Começa por citar o seu compadre Xico Sá, cronista, escritor pernambucano de adopção, autor do romance “Big Jato”, que Cláudio vai adaptar. “O Xico Sá já dizia, a cidade só cresce, o de cima sobe, o de baixo desce. Hoje mais do que nunca. Porque o poder económico é uma ferida, uma desgraça, um rolo compressor.”
É apesar disto que Recife dá tanto ao Brasil, diz Cláudio. “É um celeiro de pessoas. Você vai de ponta a ponta e encontra expressões culturais. Outra coisa é o empresário que só quer ganhar. Quando a gente hoje tem um edital [como o do cinema], é uma conquista, não cai do céu. Porquê? Porque Pernambuco, mesmo antes dos anos 30, já era um celeiro: cinema mudo, super oito, curtas. E agora todos os filmes estão em festivais.” Desfila as obras dos conterrâneos, cheio de orgulho. “A gente não copia ninguém, a gente não quer ser igual. A gente se ajuda uns aos outros, mas não é igual. Muito menos é Hollywood. A gente faz um cinema com atitude. A gente só vem ao mundo uma vez e tem de contribuir para um olhar. Por que veio ao mundo? Para nada? Para ser um transeunte? Isso não sou eu.”

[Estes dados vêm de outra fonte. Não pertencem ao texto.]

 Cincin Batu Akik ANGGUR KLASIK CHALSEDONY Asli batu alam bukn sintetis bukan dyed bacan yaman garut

Porque as manifestações foram fracas no Recife? “Por isso, porque eles lá [Rio, São Paulo] não têm isto, não estão a fazer nada. Cadê o cinema de São Paulo? De Porto Alegre? Eles têm os rolezinhos dos shoppings, nós temos cultura. O ser humano tem inquietude, se se acomoda, pára. Lá é besteira, é só comédia. Eu só acredito em cinema que pensa. E esse cinema do eixo Rio-São Paulo é faz-de-conta, de caça-níquel. Por isso que tem rolezinho e passeata.” Ou seja, manfestação. “Aqui tem maracatu, mangue beat. Sexta teve o aniversário do Som na Rural, 2000 pessoas aqui na rua e não tinha bebida. Nós estamos ocupados com a cultura. Você vai na mata norte, na mata sul, tem festival de rock. É a ocupação do juízo, se não o diabo toma conta. Se você der cultura aos jovens, eles não vão fazer rolezinho de shopping.” É isso que os governantes do Brasil não estão vendo, diz Cláudio. “São burros, não percebem que o ser humano vive de um lazer que faz crescer. Estamos fadados ao fracasso. O Brasil não conhece o Brasil.”

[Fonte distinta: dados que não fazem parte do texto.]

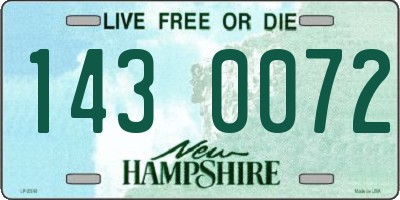 NH license plate 1430072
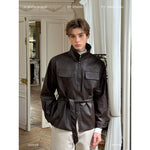 Belted Stand Collar Leather Jacket 1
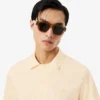 Polo masculino Paris Classic Fit com gola aberta e bordado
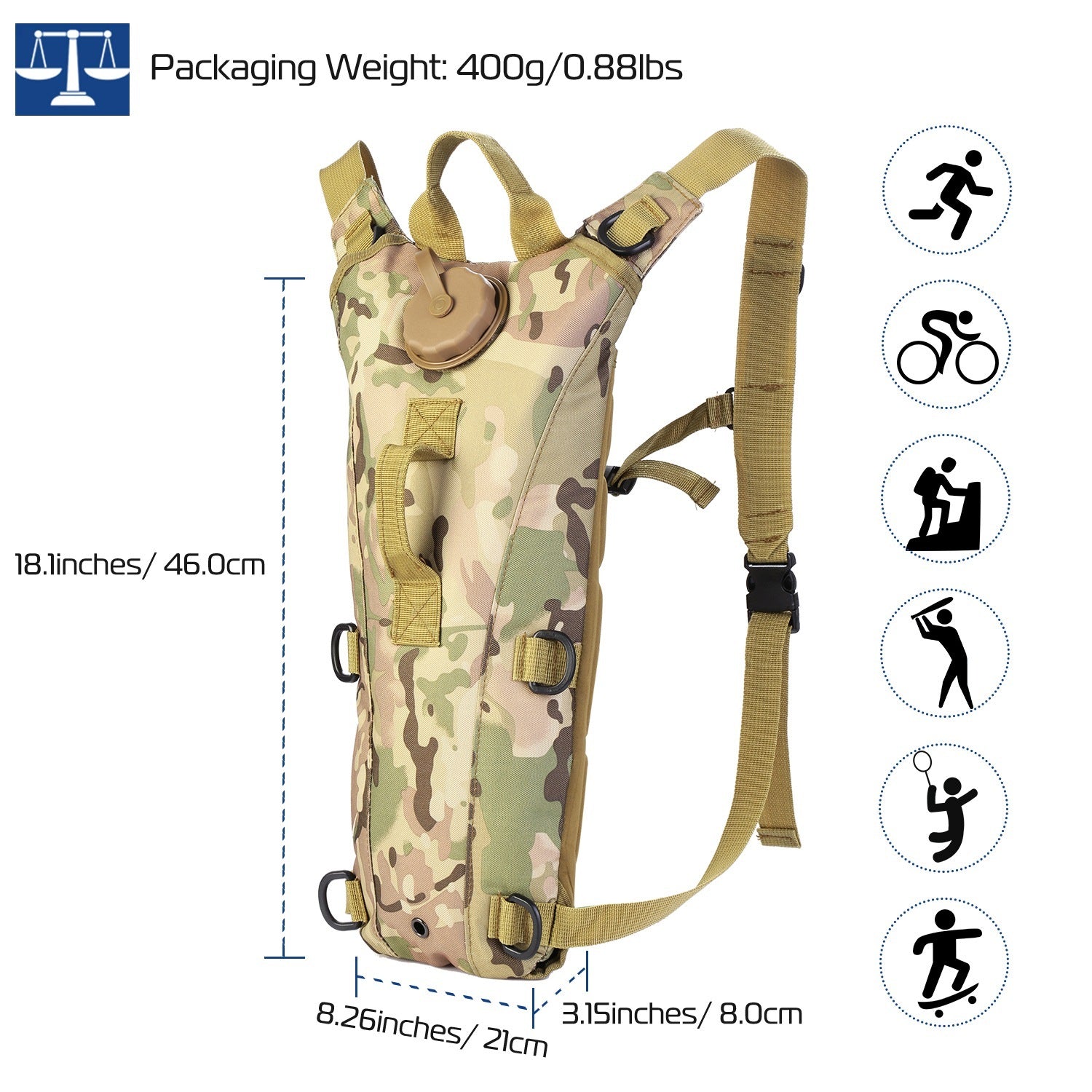 Hydration Pack 3L Bladder Straps Hydrates On The Go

Cláudio está a fazer uma série sobre artistas plásticos. O próxima longa é que será a adaptação de Big Jato. Isso quer dizer, explica ele, um filme sobre “a igualdade entre seres humanos, pessoas que são diferentes mas são iguais”. Há um Abel, um Caim, e no meio uma criança chamada Francisco. “É o Xico [Sá] e é o meu filho Francisco, afilhado dele, de nove anos. Ele vai ser o actor. A gente está brigando porque tem de fazer um teste de elenco.” É bisneto de Vinicius de Moraes, este jovem Francisco.
Cláudio conheceu Xico roubando livros. Xico trabalhava numa livraria, Cláudio roubava. “Ele ajudava a roubar. Aí falei para o dono: ‘Tarcísio, estou roubando teus livros.’ Ele riu. Eu roubava Maiakóvski, Gorki. Acreditava muito na revolução. Os livros de Jorge Amado, comprei com maconha a um amigo.” Agora sabe que a revolução não virá do cinema, e ainda assim é preciso fazer. E aqui. “Morei nove anos no Rio mas voltei, porque aqui não acabou a fonte. Não secou.”
Antes de se ir embora conta que uma grande amiga lhe ligou triste, queria se matar. “A gente é que escolhe, eu disse. A tristeza faz parte, a gente só tem de pegar ela bem pouquinho porque ela é ruim. Mas somos nós que escolhemos.”